Visualizing Stress and Strain: Using Visual Basic 6.0 to Provide a Dynamic Learning Environment
Nathaniel E. Reish and Dr. Gary H. Girty
San Diego State University Department of Geological Sciences


Across the country, structural geology is a requirement for all students majoring in geology. Students normally enroll in structural geology during their sophomore year after having completed only a few courses in college-level algebra, if any at all. As a result they generally lack the intuition and mathematical background necessary to visualize the complexities of stress and strain, two of the most fundamental concepts covered in introductory structural geology courses.
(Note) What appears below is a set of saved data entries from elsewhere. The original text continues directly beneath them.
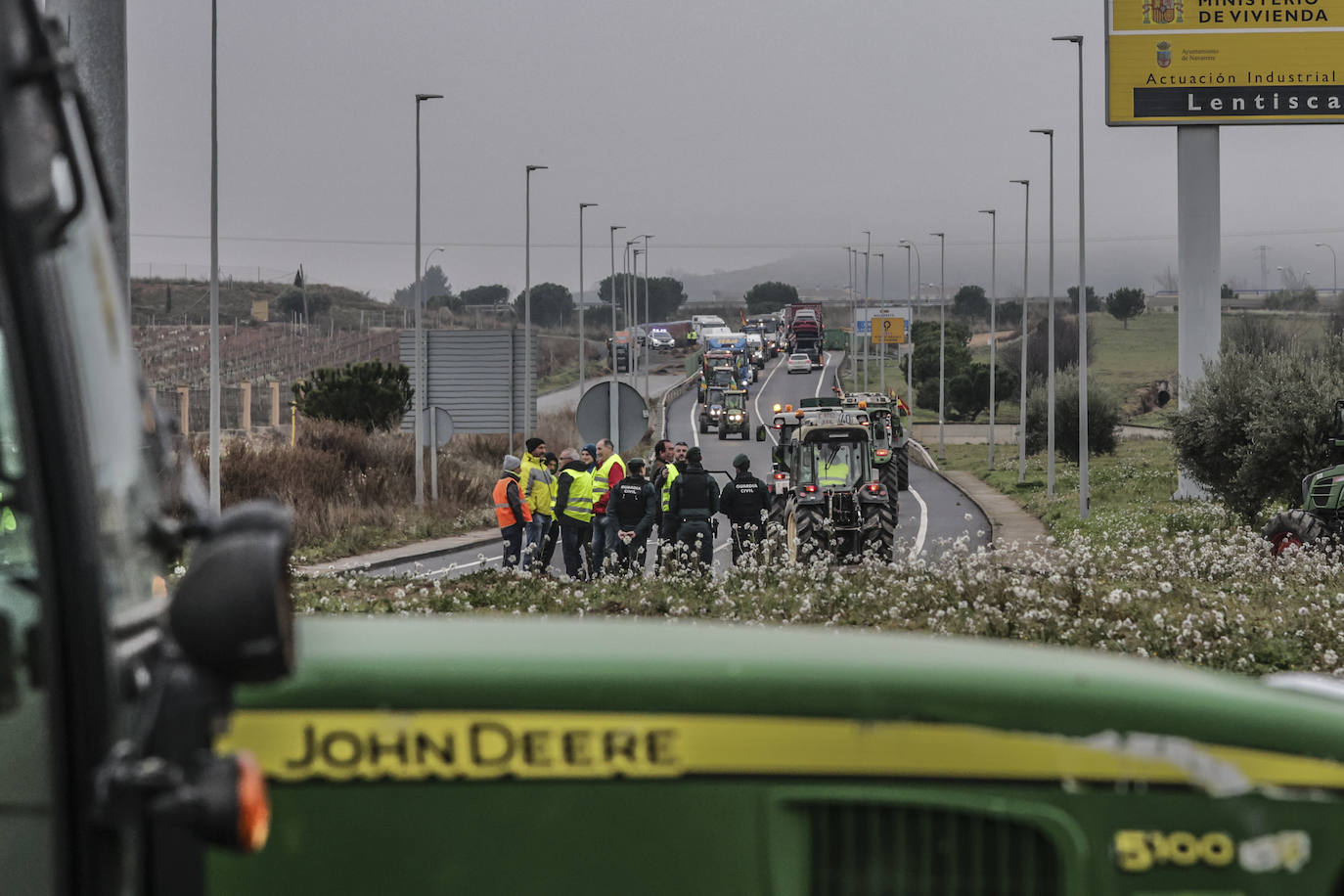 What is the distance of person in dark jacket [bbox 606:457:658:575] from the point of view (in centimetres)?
2120

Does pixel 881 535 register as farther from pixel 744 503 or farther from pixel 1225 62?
pixel 1225 62

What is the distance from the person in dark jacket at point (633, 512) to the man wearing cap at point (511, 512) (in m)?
1.72

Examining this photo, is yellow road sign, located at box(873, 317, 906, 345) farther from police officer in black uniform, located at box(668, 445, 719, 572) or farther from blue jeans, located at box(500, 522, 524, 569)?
police officer in black uniform, located at box(668, 445, 719, 572)

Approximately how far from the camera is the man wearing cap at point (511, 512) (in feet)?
75.1

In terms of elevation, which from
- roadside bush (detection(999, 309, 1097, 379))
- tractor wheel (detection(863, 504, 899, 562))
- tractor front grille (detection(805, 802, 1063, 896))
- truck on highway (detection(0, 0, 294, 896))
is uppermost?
roadside bush (detection(999, 309, 1097, 379))

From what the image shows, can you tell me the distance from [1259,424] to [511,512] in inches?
656

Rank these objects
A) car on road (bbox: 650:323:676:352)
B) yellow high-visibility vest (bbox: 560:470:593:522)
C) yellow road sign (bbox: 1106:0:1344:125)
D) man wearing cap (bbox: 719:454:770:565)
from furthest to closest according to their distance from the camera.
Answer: car on road (bbox: 650:323:676:352), yellow road sign (bbox: 1106:0:1344:125), yellow high-visibility vest (bbox: 560:470:593:522), man wearing cap (bbox: 719:454:770:565)

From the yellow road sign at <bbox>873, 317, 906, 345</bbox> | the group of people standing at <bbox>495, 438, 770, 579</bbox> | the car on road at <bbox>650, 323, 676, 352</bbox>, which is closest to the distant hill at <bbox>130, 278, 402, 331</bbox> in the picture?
the group of people standing at <bbox>495, 438, 770, 579</bbox>

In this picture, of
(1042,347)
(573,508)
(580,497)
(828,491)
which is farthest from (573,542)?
(1042,347)

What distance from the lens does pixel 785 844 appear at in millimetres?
2613

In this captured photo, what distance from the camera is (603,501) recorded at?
894 inches

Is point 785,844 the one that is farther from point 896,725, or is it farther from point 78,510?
point 78,510

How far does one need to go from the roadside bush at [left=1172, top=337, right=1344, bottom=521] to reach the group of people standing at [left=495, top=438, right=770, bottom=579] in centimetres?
1382

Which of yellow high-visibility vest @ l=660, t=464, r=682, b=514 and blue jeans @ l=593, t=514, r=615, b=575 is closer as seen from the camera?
yellow high-visibility vest @ l=660, t=464, r=682, b=514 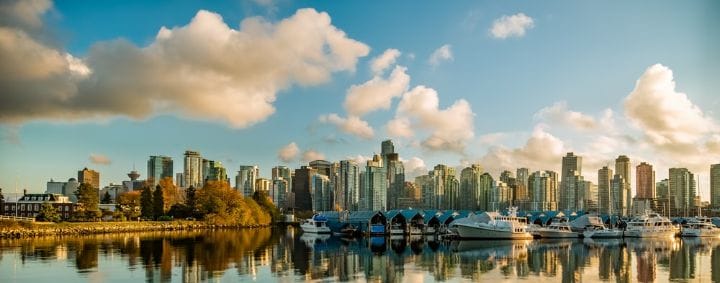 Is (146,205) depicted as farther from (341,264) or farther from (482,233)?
(341,264)

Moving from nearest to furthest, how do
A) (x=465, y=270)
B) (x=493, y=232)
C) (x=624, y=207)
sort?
(x=465, y=270) < (x=493, y=232) < (x=624, y=207)

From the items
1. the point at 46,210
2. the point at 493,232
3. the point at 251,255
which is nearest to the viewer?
the point at 251,255

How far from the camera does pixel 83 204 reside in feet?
352

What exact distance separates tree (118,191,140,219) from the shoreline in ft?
15.2

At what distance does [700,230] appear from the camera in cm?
10425

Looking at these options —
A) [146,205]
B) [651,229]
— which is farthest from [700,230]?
[146,205]

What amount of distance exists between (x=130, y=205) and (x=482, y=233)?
69226mm

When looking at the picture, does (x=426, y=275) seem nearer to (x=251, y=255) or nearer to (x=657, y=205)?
(x=251, y=255)

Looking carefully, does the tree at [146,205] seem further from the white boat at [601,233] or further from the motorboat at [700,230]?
the motorboat at [700,230]

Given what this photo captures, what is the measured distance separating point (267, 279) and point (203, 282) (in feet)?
12.3

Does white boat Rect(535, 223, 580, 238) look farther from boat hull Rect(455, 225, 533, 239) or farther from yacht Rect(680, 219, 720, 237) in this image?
yacht Rect(680, 219, 720, 237)

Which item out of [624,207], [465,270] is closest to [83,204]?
[465,270]

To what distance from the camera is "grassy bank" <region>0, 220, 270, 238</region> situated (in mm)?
85325

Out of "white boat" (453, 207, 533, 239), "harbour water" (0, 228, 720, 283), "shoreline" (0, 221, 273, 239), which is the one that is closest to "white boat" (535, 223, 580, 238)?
"white boat" (453, 207, 533, 239) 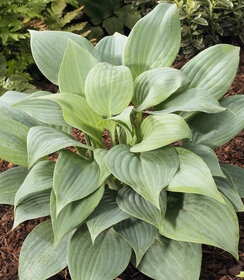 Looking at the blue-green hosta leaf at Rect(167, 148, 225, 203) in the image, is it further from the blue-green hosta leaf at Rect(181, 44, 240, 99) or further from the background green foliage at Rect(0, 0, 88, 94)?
the background green foliage at Rect(0, 0, 88, 94)

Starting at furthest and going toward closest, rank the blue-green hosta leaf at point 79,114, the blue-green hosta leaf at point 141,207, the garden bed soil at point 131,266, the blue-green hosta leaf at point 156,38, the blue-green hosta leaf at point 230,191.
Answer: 1. the garden bed soil at point 131,266
2. the blue-green hosta leaf at point 156,38
3. the blue-green hosta leaf at point 230,191
4. the blue-green hosta leaf at point 79,114
5. the blue-green hosta leaf at point 141,207

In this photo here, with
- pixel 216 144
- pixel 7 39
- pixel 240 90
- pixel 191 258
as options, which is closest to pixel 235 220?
pixel 191 258

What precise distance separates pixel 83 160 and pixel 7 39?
2.65 meters

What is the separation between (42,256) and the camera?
2314 millimetres

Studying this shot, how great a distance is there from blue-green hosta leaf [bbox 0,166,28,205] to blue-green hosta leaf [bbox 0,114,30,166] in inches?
5.7

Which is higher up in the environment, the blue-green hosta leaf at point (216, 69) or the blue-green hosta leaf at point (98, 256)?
the blue-green hosta leaf at point (216, 69)

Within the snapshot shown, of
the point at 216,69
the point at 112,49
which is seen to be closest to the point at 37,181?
the point at 112,49

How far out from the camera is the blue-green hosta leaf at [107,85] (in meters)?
2.13

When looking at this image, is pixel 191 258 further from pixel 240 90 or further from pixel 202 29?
pixel 202 29

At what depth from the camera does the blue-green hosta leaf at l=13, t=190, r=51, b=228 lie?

Compounding this problem are the static two-dimensional illustrations that commonly riddle textbooks on the subject.

Stress and strain are important concepts which provide the physical and geometrical context of how and why all natural structures form. In my own college career, it wasn't until several semesters after I completed a structural geology course that I fully understood the importance of these two concepts. In an attempt to prevent another student from following the same painful path to discovery and understanding I developed both a computer software program and a web site for visualizing of stress and strain. It is my hope that the program and tutorials found at this site and covered in this thesis will leave a student with a sound foundation upon which to build a solid understanding of stress and strain. The resulting program is called Visualizing Structural Geology and will run on any PC using Windows 95, 98, 2000, or NT 4 . Visualizing Structural Geology was written in Microsoft Visual Basic Version 6.0 and HTML 4. It is broken down into two parts Visualizing Stress and Visualizing Strain. The program and tutorial are available through a site published on the World Wide Web ( Currently, the web site has received over 1,000 visitors and both programs and accompanying tutorials are being used at the University of Texas, Permian Basin, and Texas Tech. The programs were introduced to the public in a poster session at the 1999 National American Association of Geologists meeting in San Antonio, Texas. At that meeting it received an Honorable Mention (3rd place) in the Best Technical Poster Session Competition for Selected Academic Research Topics sponsored by Mobil.

The primary purpose for developing Visualizing Structural Geology was to provide to the academic community an easy to use and cost effective tool for teaching and learning the basic principles of structural geology. Both the program and interactive tutorial are accessible through the web site at no cost to the user.